[[ DATA IN THIS EXERCISE, beginning ]]
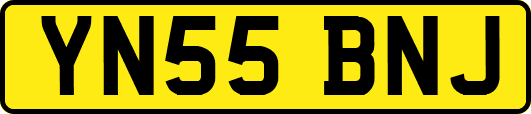 YN55BNJ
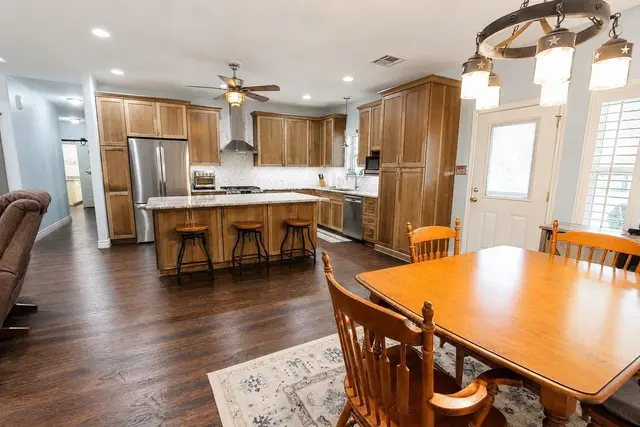 7502 Lewis Ln photo 20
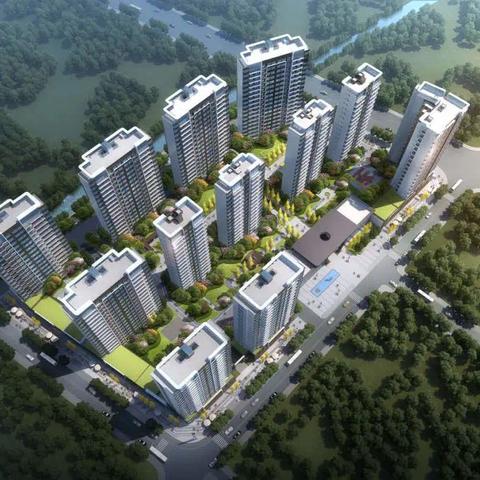 成都市太古里步行街坐几号地铁的长尾关键词有什么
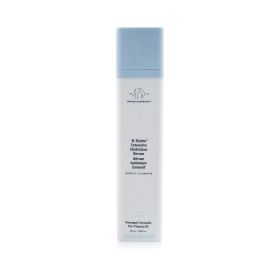 DRUNK ELEPHANT - B-Hydra Intensive Hydration Serum 00418/10-009 50ml/1.69oz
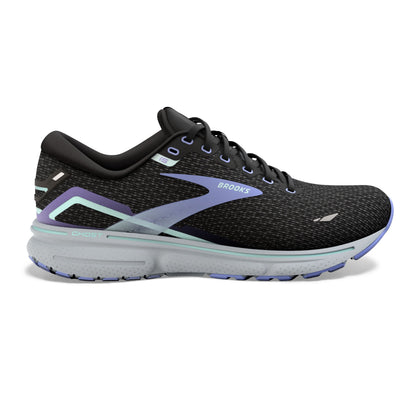  Women's Brooks Ghost 15 - 120380 1B 011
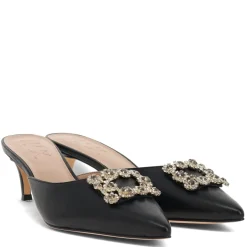 FLUX PAULA HEELS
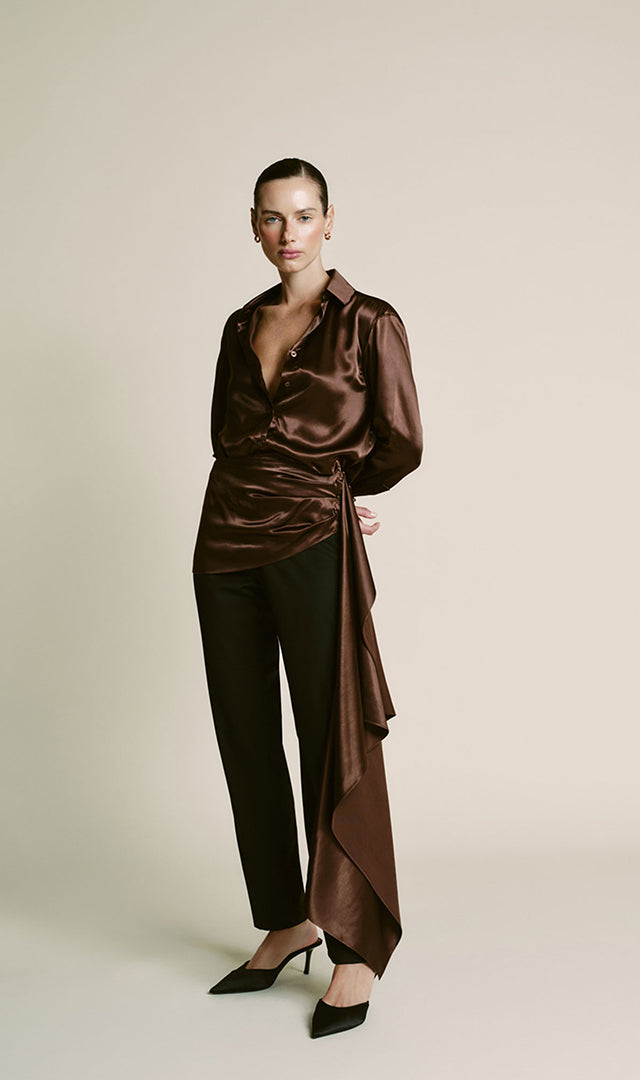 files/ABADIA-Prefall-202622376_f582c047-bf43-4aa8-a2b1-40eb8e57c896.jpg
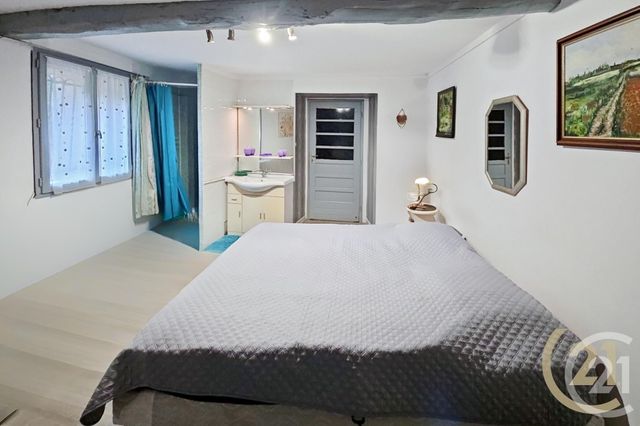 Afficher la photo en grand maison à vendre - 6 pièces - 143.02 m2 - PATRIMONIO - 202 - CORSE - Century 21 Dary Immobilier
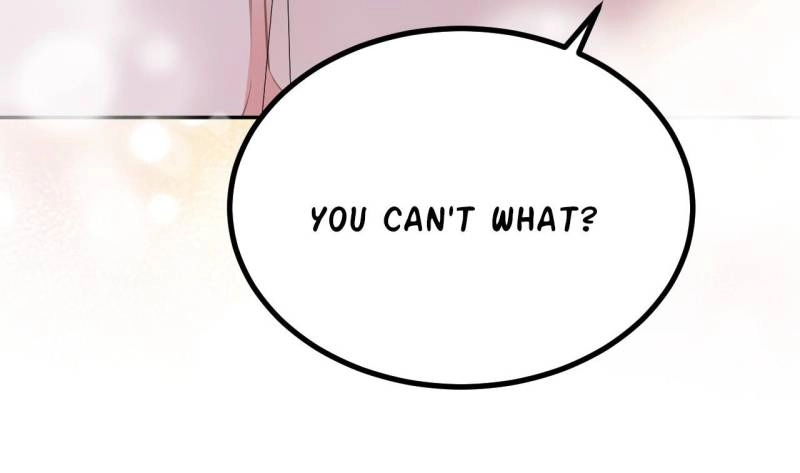 The Burning Flames of Intense Love Chapter 17 page 24 - 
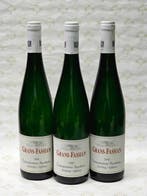 2006 Grans-Fassian, Trittenheimer Apotheke Riesling - Moezel, Nieuw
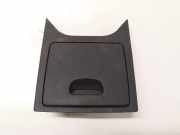 Handschuhfach PEUGEOT 407 SW (6E_) 1.6 HDi 110 9644584477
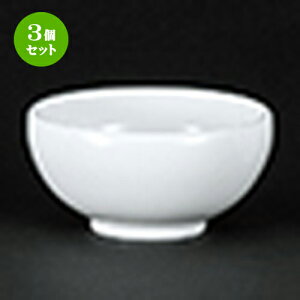 3Zbg ؃I[v  VAJg 12cmCX [ 11.7 x 5.9cm ] | X[v `o tJq CX јq `[n [ lC  H  ѓX ؐH Ɩp HX J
[[ DATA IN THIS EXERCISE, end ]]
YOUR OBJECTIVE:
Beginning at the line that contains "Handschuhfach PEUGEOT 407", transcribe it and every later line through the last line of the data above, exactly, and drop the pictures.

THE ANSWER:
 Handschuhfach PEUGEOT 407 SW (6E_) 1.6 HDi 110 9644584477
 3Zbg ؃I[v  VAJg 12cmCX [ 11.7 x 5.9cm ] | X[v `o tJq CX јq `[n [ lC  H  ѓX ؐH Ɩp HX J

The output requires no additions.